An accomplished artist who has been creating for decades, Marcelin chose to convey the raw emotions she felt when she went back to Haiti through poetry and artwork. She says she could feel ahead of time that something awful would happen in her home country.
“The artwork was almost like a disaster foretold because the work had been done prior to the earthquake. It just had not been named. It was waiting for its name,” says Marcelin, 65. “It’s like having a dream and you can’t understand the message in the dream until the event occurs.”
She has created three pieces about the earthquake that are different in their use of color and texture.

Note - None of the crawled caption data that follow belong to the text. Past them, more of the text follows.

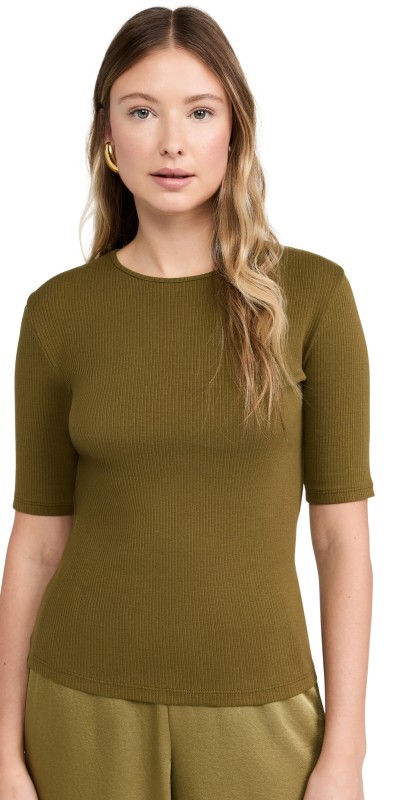 Vince Rib Elbow Sleeve Crew Tee Laurel
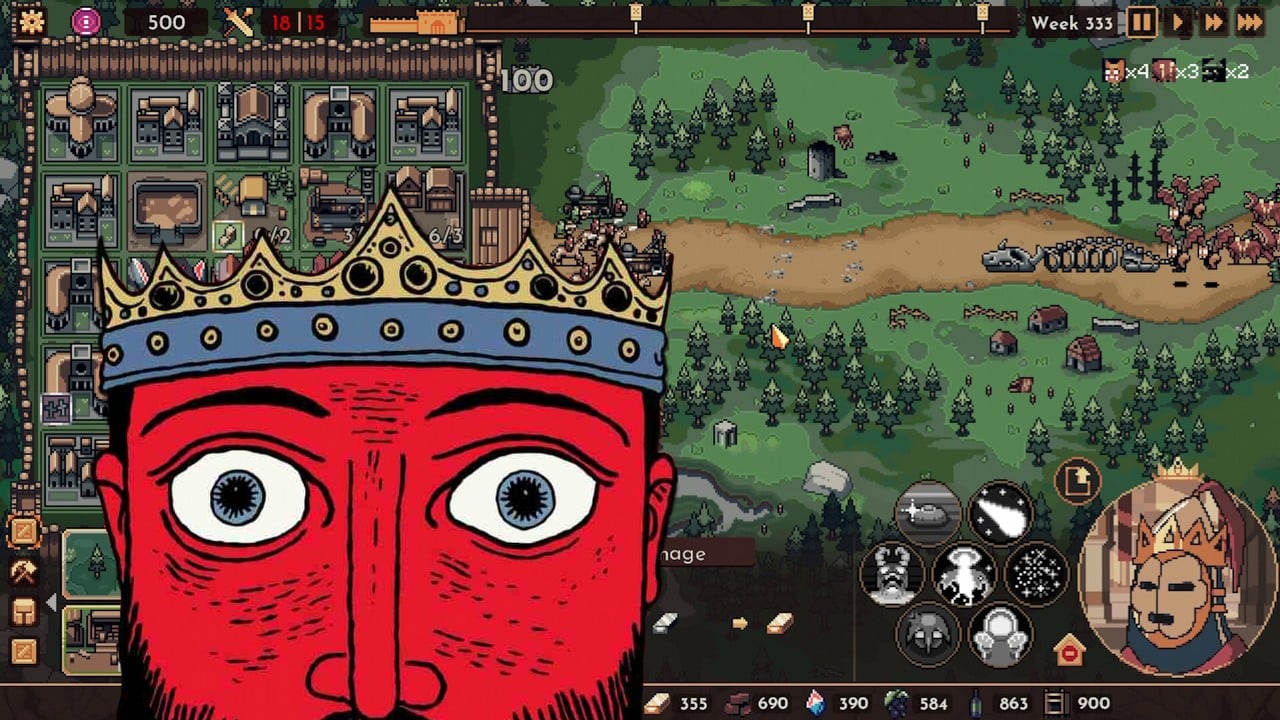 Nowa gra o budowaniu królestwa fantasy pozwala poczuć się niczym Wielki Brat i rządzić za pomocą wzroku absolutnego. Premiera The King is Watching, źródło grafiki: tinyBuild Games..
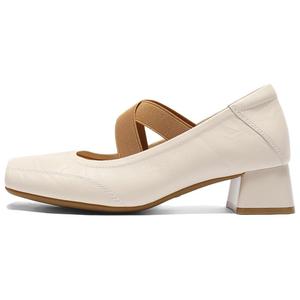 Senda Женские туфли Мэри Джейн на массивном каблуке бежевые, цвет Beige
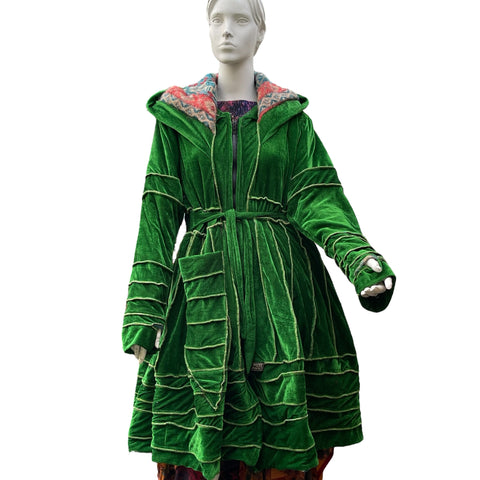 Emerald Green Velvet & Cashmilon Pixie / Fairy Pagan Reversable Katwise Inspired Coat Jacket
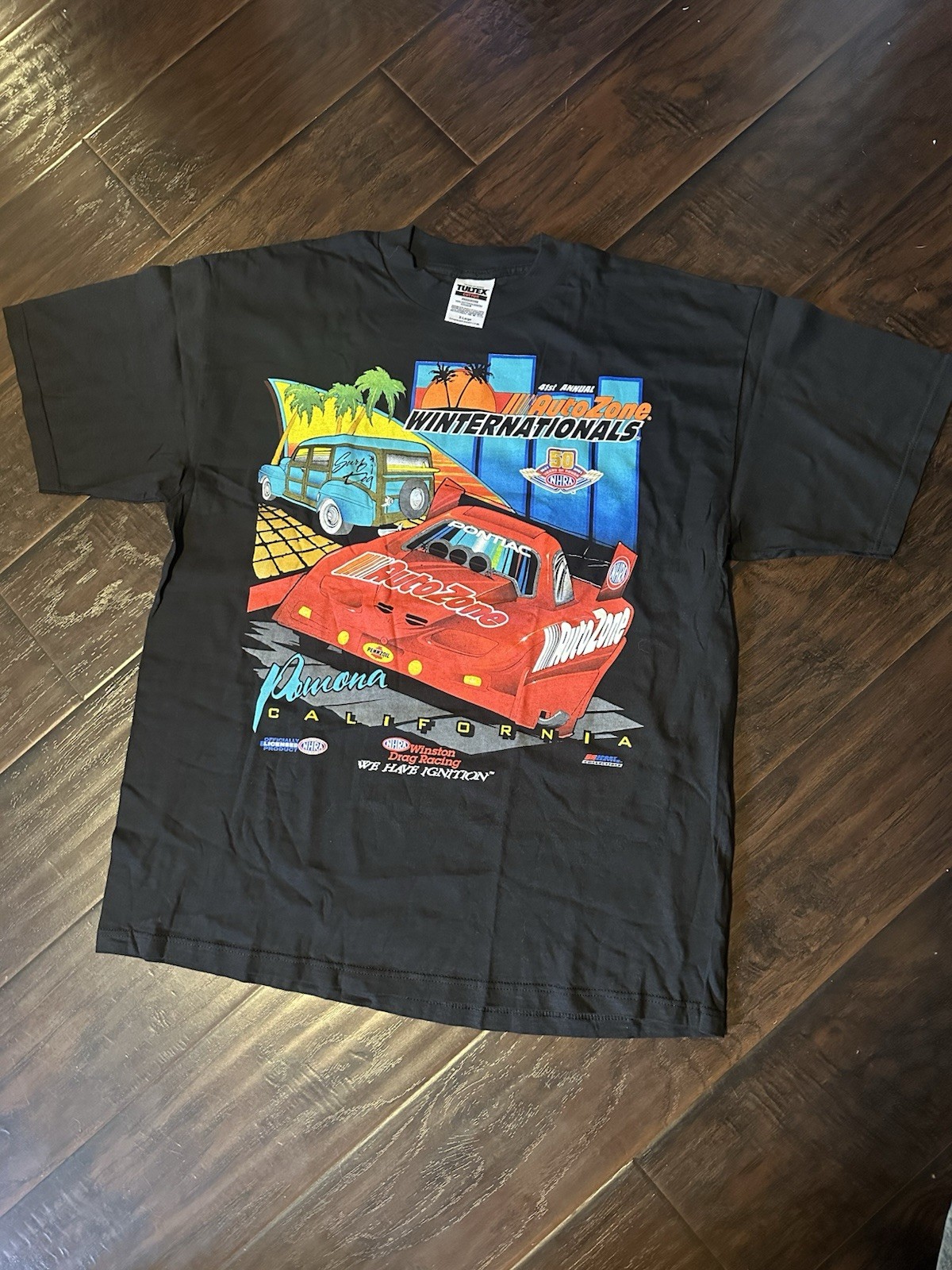 2001 NHRA Pomona 41st Annual Autozone Internationals Winston Drag Racing Tee XL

“Magnitude Seven Point One” depicts panicked, human-like figures against a background of stark yellow. She says that people have told her that it’s very difficult for them to stand in front of the painting because they are reliving the disaster.
Magnitude Seven Point One
The destruction of the city’s beloved Cathédrale Notre-Dame de Port-au-Prince, an ivory-white Victorian-era structure, is the subject of another one of her pieces. Titled “Broken Stones,” the painting shows a woman’s head crowned by a piece of wrought-iron encircled by off-white color wood.
“Regarding Loss” juxtaposes a woman with a ghastly white pallor, hollowed eyes and wispy hair with streaks of color against a white background.
She says she wants people to feel that she has been as truthful as she can be through her artwork and that she hasn’t tried to smooth things over or to shock anyone.
In addition to painting, she also writes and performs poems about the earthquake, titled “The Rift” and “The Thing.”
“The Rift” came to her when she realized the disaster highlighted that Haitian society was fragmented and divided among the “haves” and the “have-nots.”
“The Rift” was about more than the plates underneath the Earth that shocked. It was the fact that we were not each other’s saviors,” Marcelin says. “If I wanted somebody to take anything away from looking at my artwork regarding the earthquake, it would be to realize that it is time to mend those rifts and put differences aside. It is time for us to really become our brothers’ and our sisters’ keepers.”
Although she will never forget about the earthquake, Marcelin says that she does not plan on creating more artwork about it because Haiti has not moved forward since 2010.
“It’s not about creating something new because the situation hasn’t changed,” Marcelin says. “If it hasn’t changed, why do you have to write something new about it? We need to change the situation.”
She writes in ‘The Rift” that the solution is for the Haitian people to be proactive and actively work on building a better country.
“Whether their lives and deaths were for hope, a new beginning or for nothing, we will decide. Let the dead bury the dead. The living must change the world.”